● Your instructions
Repeat the data in full. Drop every picture.

● Dataset content
+++
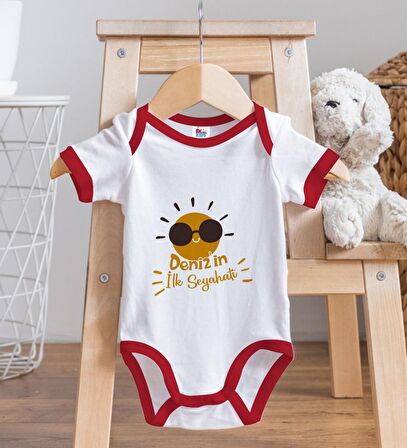 BK Kids Kişiye Özel İlk Seyahat Tasarımlı Kırmızı Bebek Body Zıbın-1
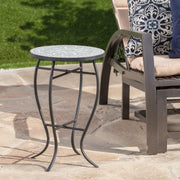 Outdoor Round Side Table With Mosaic Style Top And Curved Iron Legs - R&R Furniture Gallery (Fountain Valley, CA)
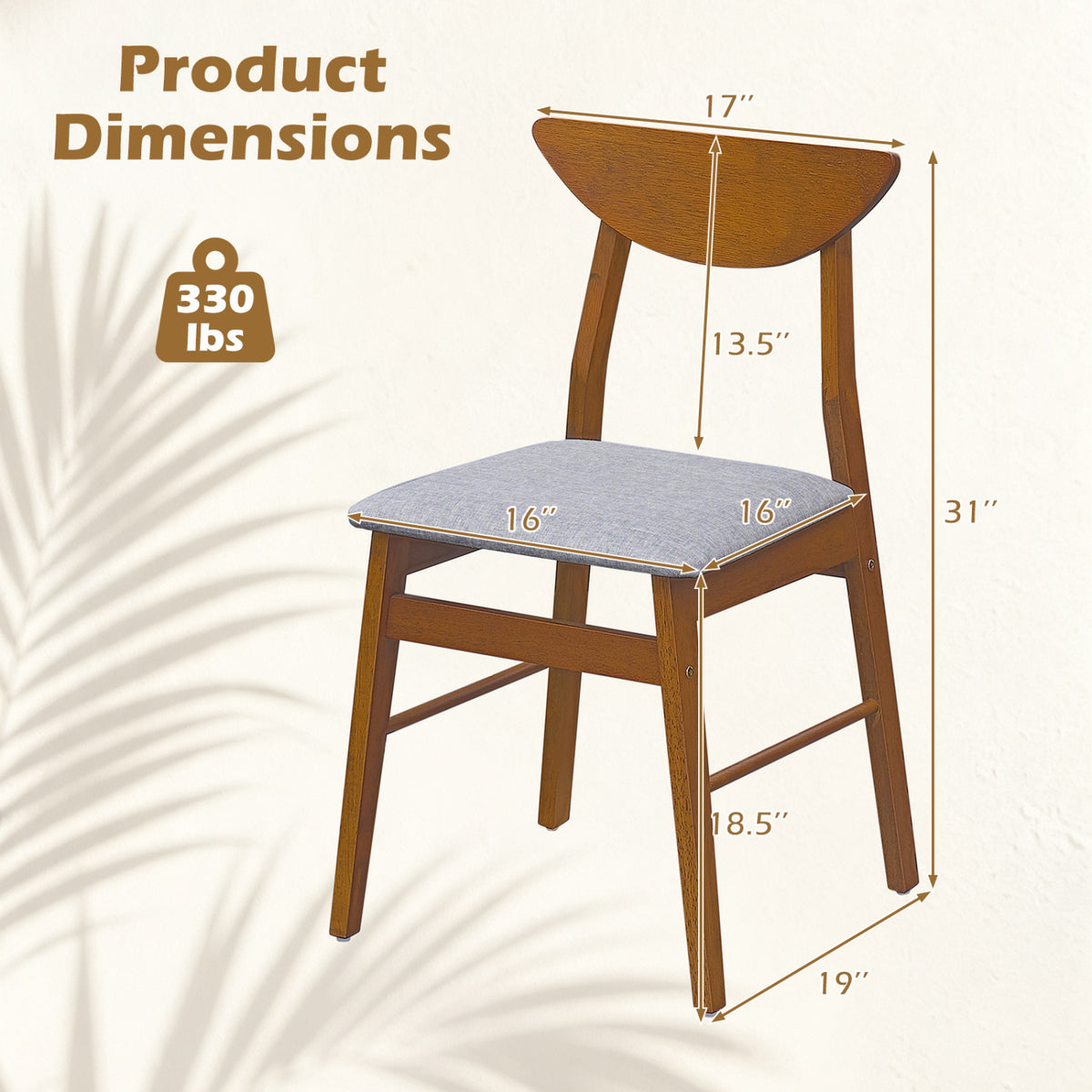 Set of 4 Upholstered Dining Chairs with Curved Backrest and Rubber Wood Frame-Walnut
+++
● Answer section
 BK Kids Kişiye Özel İlk Seyahat Tasarımlı Kırmızı Bebek Body Zıbın-1
 Outdoor Round Side Table With Mosaic Style Top And Curved Iron Legs - R&R Furniture Gallery (Fountain Valley, CA)
 Set of 4 Upholstered Dining Chairs with Curved Backrest and Rubber Wood Frame-Walnut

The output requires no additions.